Construction Design Management Regulations (CDM 2015) – Legal Responsibilities

Construction Design Management Regulations 2015

Are you ready for change?

How many construction workers are aware of their legal responsibilities under the revamped Construction Design Management Regulations (CDM 2015)?

It is very concerning that on a daily basis I frequently come across construction workers with little or no concept of their legal responsibilities under the revised CDM regulations, which came into force on the 6th April, 2015. Furthermore, there continues to be regular published prosecutions released by the HSE for the construction sector, which are sure to rise with compliance now extended to domestic projects.

So Who Is Classified As A Contractor?

Around 70% of fatalities in the construction industry occur on small sites – those with fewer than 15 workers.
Anyone who directly employs or engages construction workers or manages construction is a contractor.

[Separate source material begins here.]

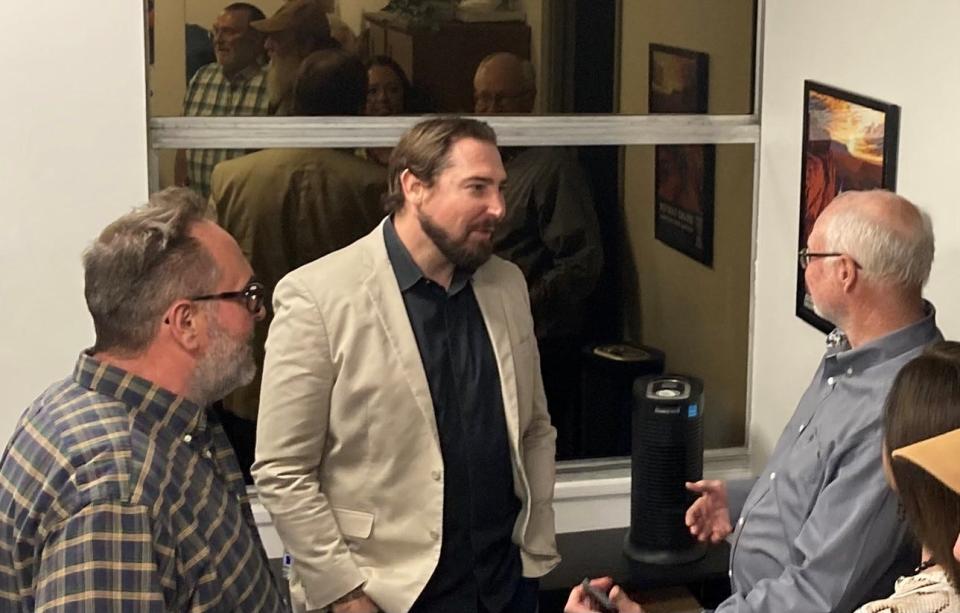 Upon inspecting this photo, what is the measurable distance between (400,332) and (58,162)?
1125 mm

Contractors include sub-contractors, any individual, sole trader, self-employed worker, or business that carries out, manages or controls construction work as part of their business. This also includes companies that use their own workforce to do construction work on their own premises. The duties on contractors apply whether the workers under their control are employees, self-employed or agency workers.  Where contractors are involved in design work, including for temporary works, they also have duties as designers.

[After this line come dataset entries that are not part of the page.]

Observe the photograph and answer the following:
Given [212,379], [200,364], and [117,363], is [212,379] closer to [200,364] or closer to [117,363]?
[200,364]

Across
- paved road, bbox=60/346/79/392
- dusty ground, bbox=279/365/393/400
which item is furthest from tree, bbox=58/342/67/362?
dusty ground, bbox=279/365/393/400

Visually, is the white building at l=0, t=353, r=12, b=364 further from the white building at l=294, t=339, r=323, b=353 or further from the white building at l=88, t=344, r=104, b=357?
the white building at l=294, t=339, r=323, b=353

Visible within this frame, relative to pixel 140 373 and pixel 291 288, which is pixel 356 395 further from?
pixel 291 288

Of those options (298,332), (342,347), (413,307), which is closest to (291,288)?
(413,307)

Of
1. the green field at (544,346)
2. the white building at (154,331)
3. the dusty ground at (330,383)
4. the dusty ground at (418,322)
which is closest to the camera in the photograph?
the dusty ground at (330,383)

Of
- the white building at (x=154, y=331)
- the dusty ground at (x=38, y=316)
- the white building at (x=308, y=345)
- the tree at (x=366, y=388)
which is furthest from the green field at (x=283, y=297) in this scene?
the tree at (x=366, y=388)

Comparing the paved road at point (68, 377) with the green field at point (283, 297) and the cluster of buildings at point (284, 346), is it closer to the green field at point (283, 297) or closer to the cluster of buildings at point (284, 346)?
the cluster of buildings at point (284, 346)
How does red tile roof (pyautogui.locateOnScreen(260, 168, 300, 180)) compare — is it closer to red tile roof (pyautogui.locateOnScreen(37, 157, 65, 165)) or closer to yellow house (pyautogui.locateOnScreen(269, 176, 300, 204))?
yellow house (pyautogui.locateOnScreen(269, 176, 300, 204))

What Is Deemed To Be Construction Work?

‘“Construction work” means the carrying out of any building, civil engineering or engineering construction work and includes—
(a) The construction, alteration, conversion, fitting out, commissioning, renovation, repair, upkeep, redecoration or other maintenance (including cleaning which involves the use of water or an abrasive at high pressure, or the use of corrosive or toxic substances), de-commissioning, demolition or dismantling of a structure;
(b) The preparation for an intended structure, including site clearance, exploration, investigation (but not site survey) and excavation (but not pre-construction archaeological investigations), and the clearance or preparation of the site or structure for use or occupation at its conclusion;
(c) The assembly on site of prefabricated elements to form a structure or the disassembly on site of the prefabricated elements which, immediately before such disassembly, formed a structure;
(d) The removal of a structure, or of any product or waste resulting from demolition or dismantling of a structure, or from disassembly of prefabricated elements which immediately before such disassembly formed such a structure;
(e) The installation, commissioning, maintenance, repair or removal of mechanical, electrical, gas, compressed air, hydraulic, telecommunications, computer or similar services which are normally fixed within or to a structure, but does not include the exploration for, or extraction of, mineral resources, or preparatory activities carried out at a place where such exploration or extraction is carried out’. (Regulation 2 CDM, 2015, p 10, 11).

Essentially, the implications are going to be a huge culture shock for local builders, plumbers, electricians etc. However on the flip side, the more who comply, the less will suffer HSE prosecutions and subsequent business losses. It is crystal clear that more needs to be done to inform construction workers of their legal responsibilities.